Since Baillie had measured and pre-cut the logs to the correct length, placement was a breeze. Once we had the log set, we started to backfill with dirt and small rocks to rebuild the tread to the proper slope, which needs to gently angle toward the water for drainage. Water was applied with buckets and some foot tamping set the tread, and it was ready for business.
Next we repeated the process further up the trail a couple times and did some basic trail maintenance in the area to make it user-friendly.
During the process, Baillie gave an update on why volunteers are needed to maintain our routes in the region.
“Idaho Parks went self-supporting a few years ago so they have to pay their way…which makes them tend to count their pennies,” he said. “We are a group of very dedicated folks for whom digging dirt has become a lifestyle, a physical challenge, a way forward and an art form.”

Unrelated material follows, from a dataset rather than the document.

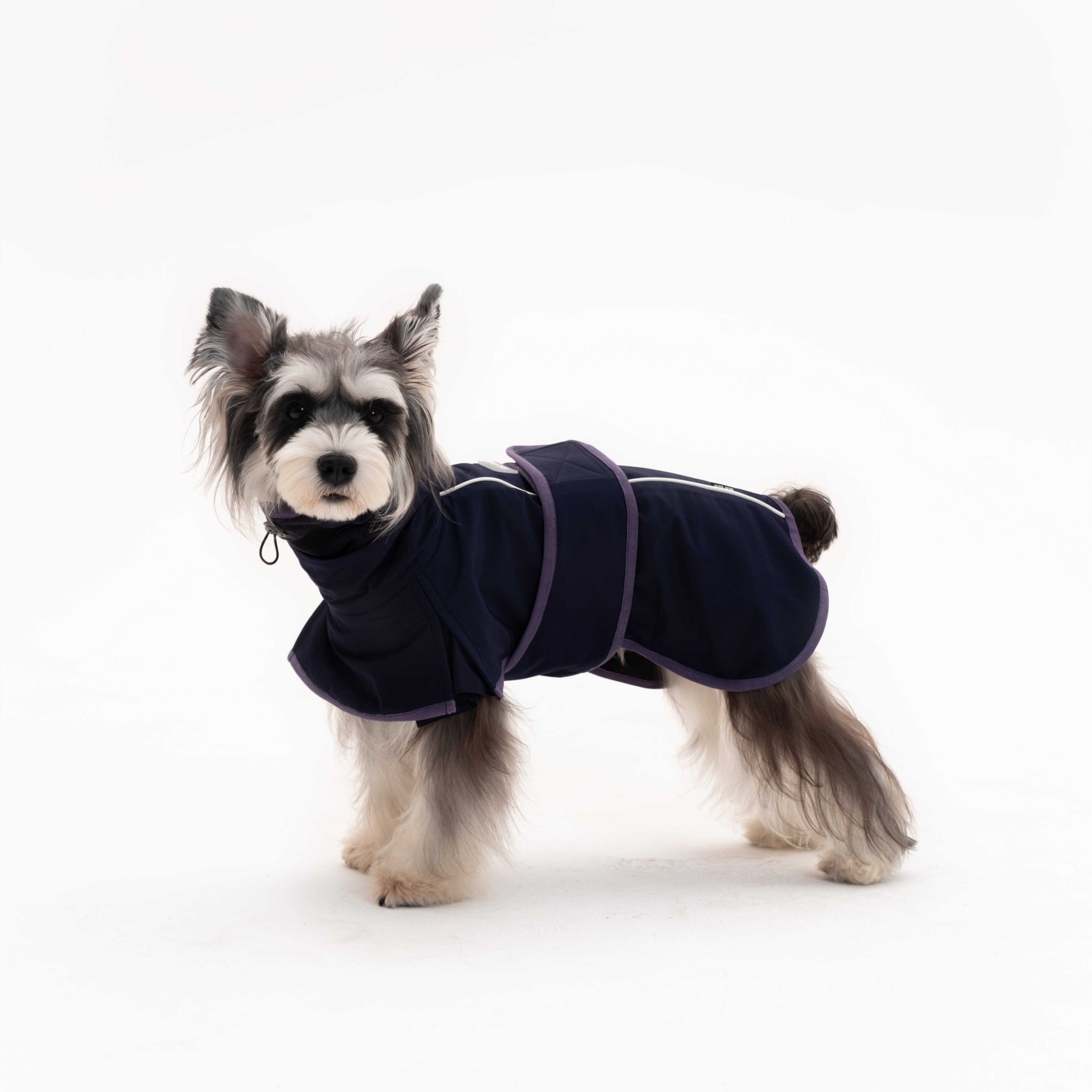 Waterproof Fleece-Lined Dog Coat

Baillie said a trained trail worker can add extra touches like an artist paints a picture or carves a sculpture. “And we liked the way it looked when we were done.
“This (work) is way beyond dollars and cents. If you costed out our financial gain for time spent, it would come out to small fractions of a penny per hour.”

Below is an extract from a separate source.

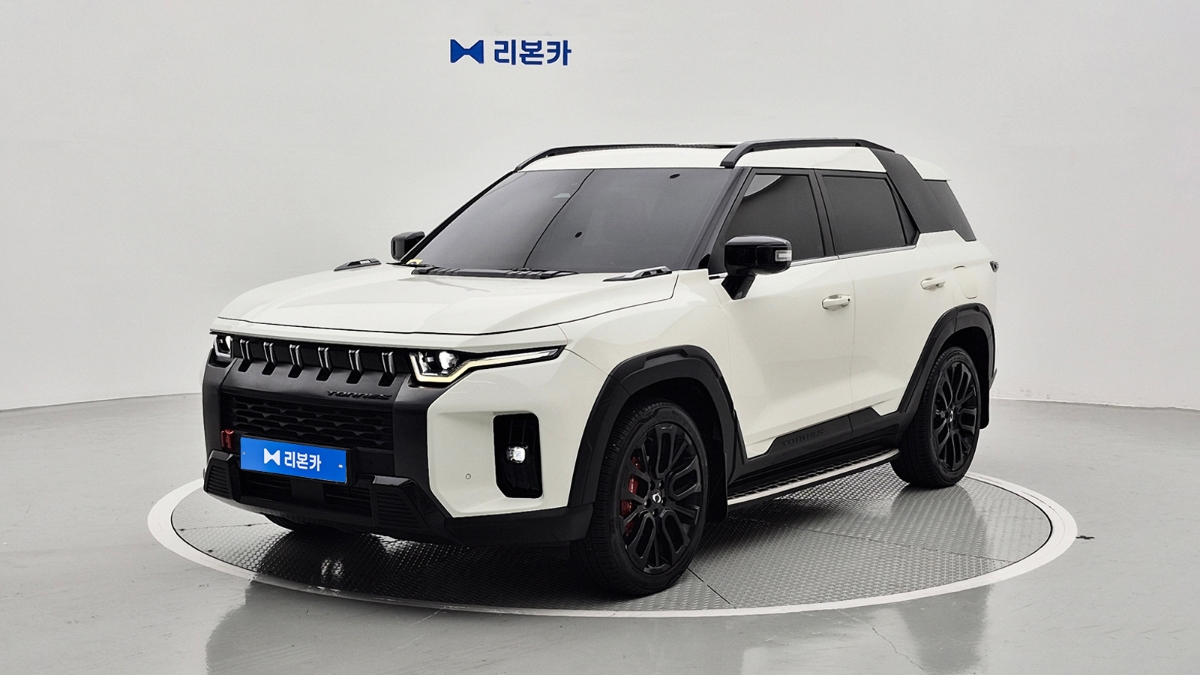 KG모빌리티(쌍용) 더 뉴토레스 1.5 GDI-T 2WD 블랙 에디션 가솔린 리본카 부산지점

Bowman also volunteers and heads a crew which designs and builds the Empire Trail system on the west side of Spirit Lake. Myr has been designing and maintaining North Idaho area trails for nearly a decade.
“There has to be an aesthetic and ethical component (to trail design and maintenance),” Baillie said. “Also these are pivotal times for our civilization. Our economy and society is teetering…our cities are in chaos and we are desperately trying to build a new political system. Our culture seems to be driven predominantly by selfish, short-term motivations.
“Maybe us trail builders are smart and sensitive enough to realize that our best hope for a viable future and a happy life is to get back to helping our fellow beings, our environment and our nation!”
If you’d like to get involved in helping maintain our area trails, contact the Idaho Panhandle Mountain Bike Alliance via their Facebook page, or on Twitter (@panhandlemba), or get in touch with a local bike shop.
Working on trails is a great way to enjoy nature and get a nice workout at the same time. Plus you’ll sleep better knowing you did your part as a giver, and not just a taker.